Work item:
Emit the data below verbatim, stripping out any pictures.

The records:
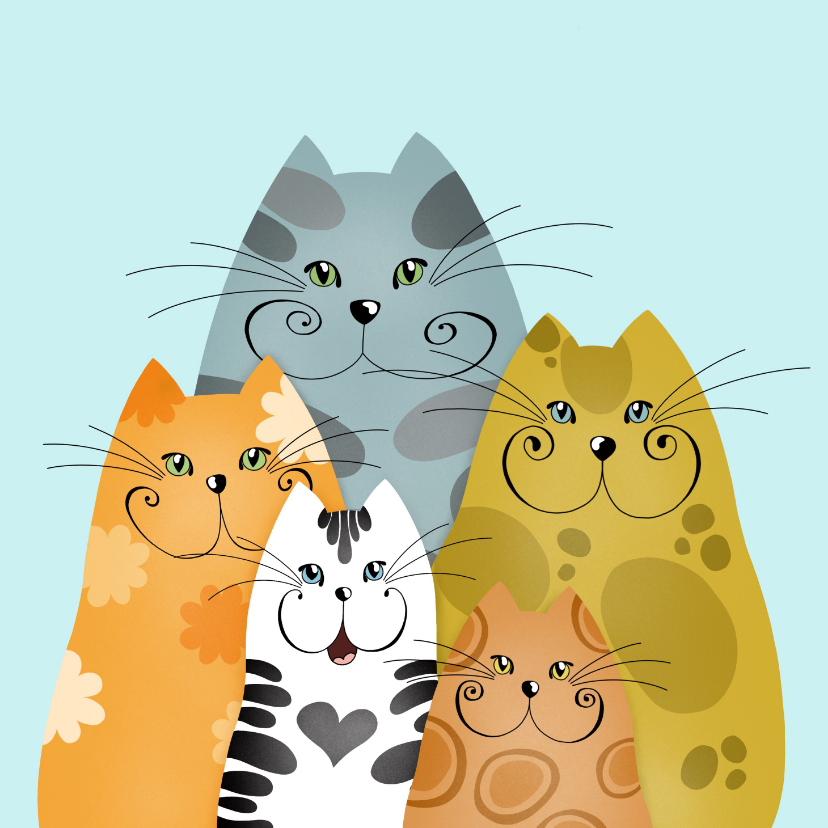 Kaartje2go.nl | Wenskaart nieuwsgierige katten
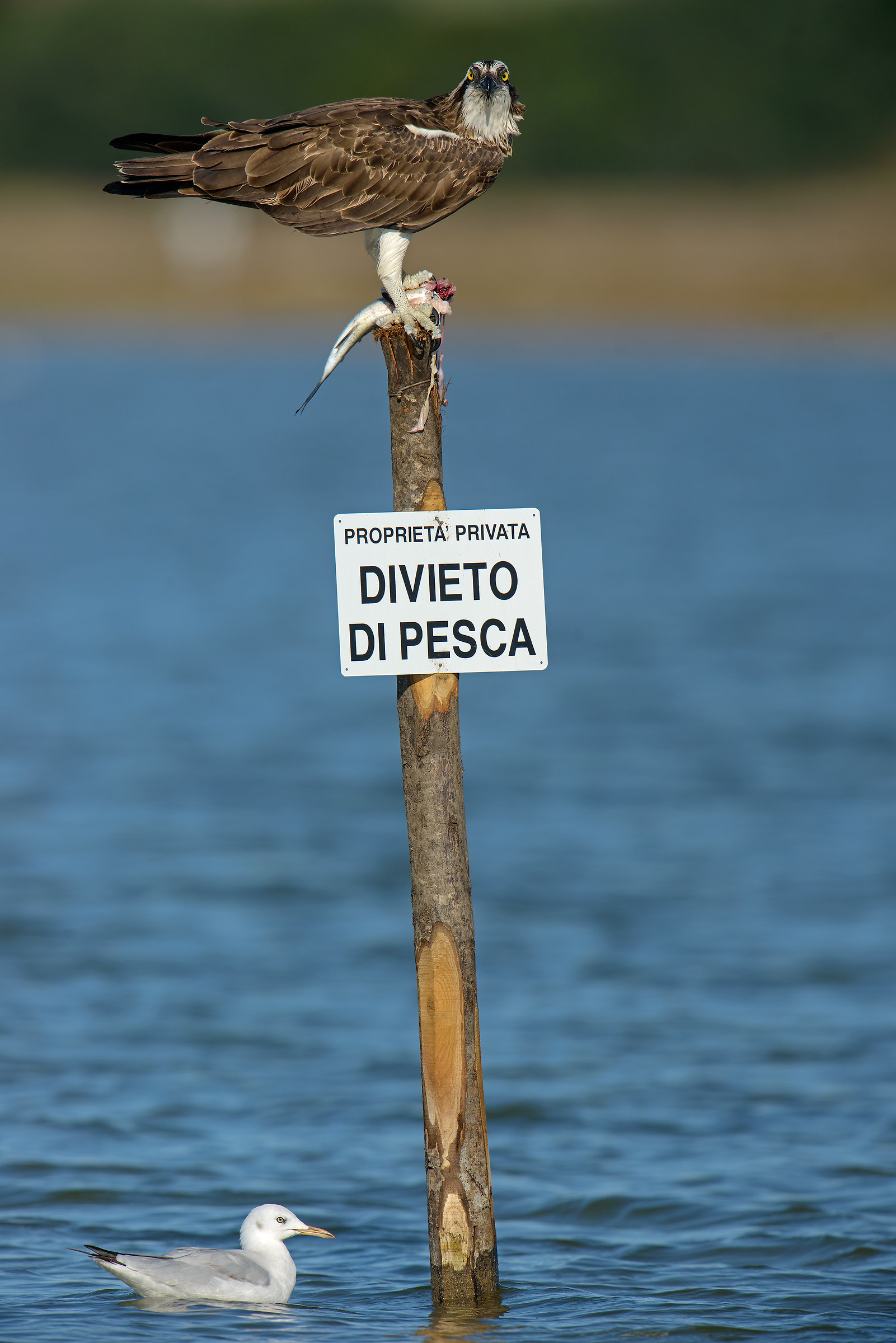 the hawk and the gull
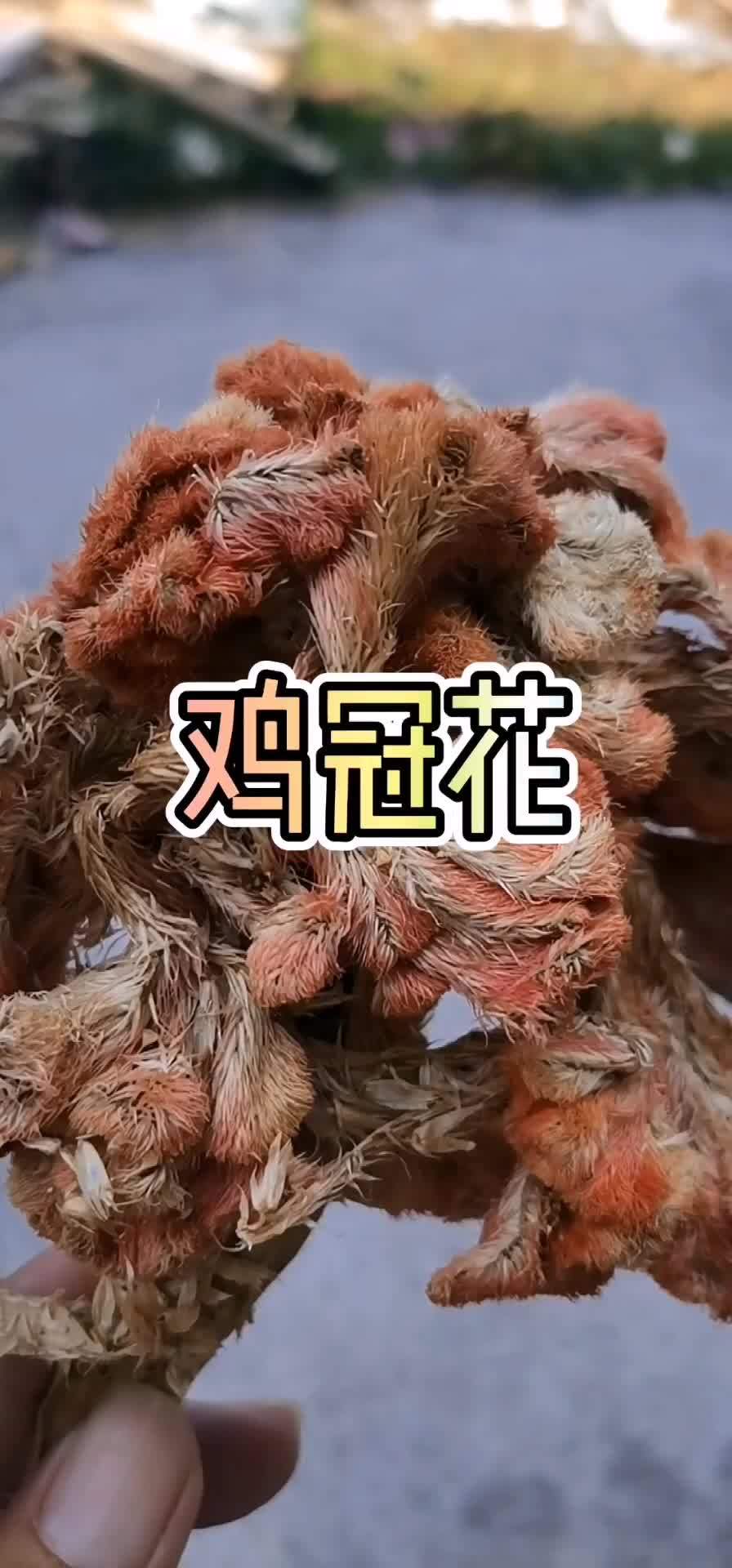 绿化用到它,开花远远就能认出来 鸡冠花 三农 植物 大自然的馈赠 一日一植物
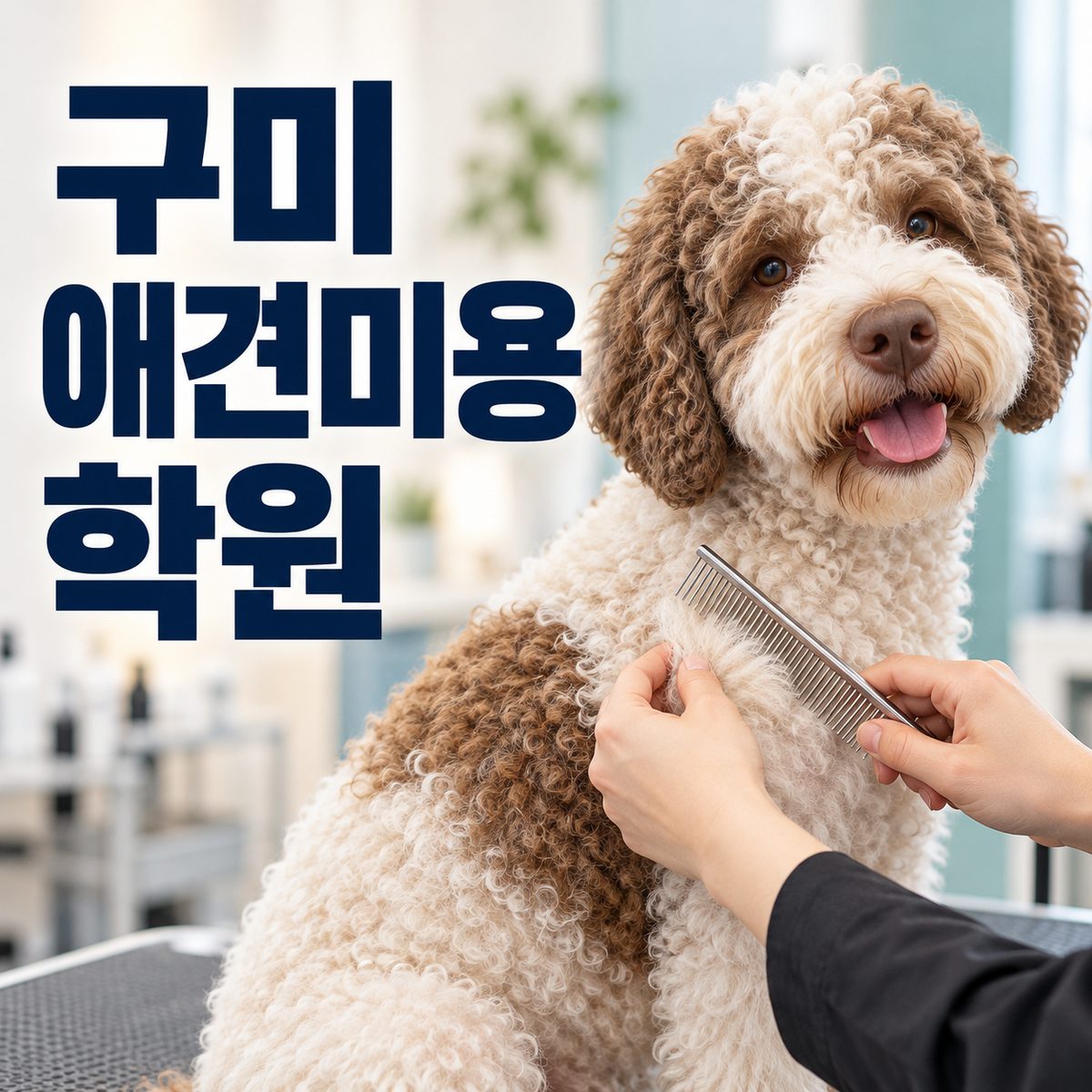 구미애견미용학원 키워드와 강아지 콤 점검 장면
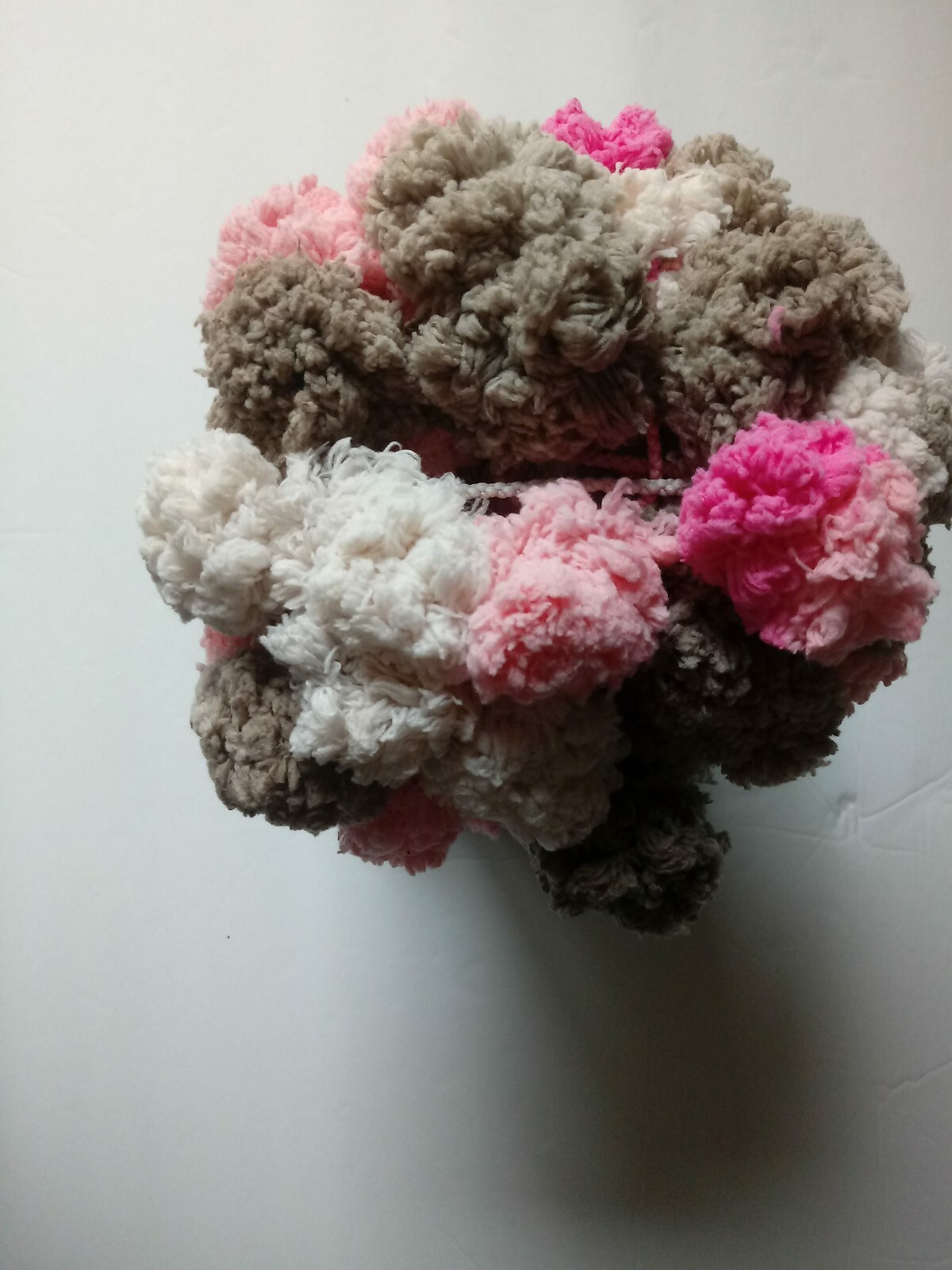 Picture 5 of 8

Response for this exercise:
 Kaartje2go.nl | Wenskaart nieuwsgierige katten
 the hawk and the gull
 绿化用到它,开花远远就能认出来 鸡冠花 三农 植物 大自然的馈赠 一日一植物
 구미애견미용학원 키워드와 강아지 콤 점검 장면
 Picture 5 of 8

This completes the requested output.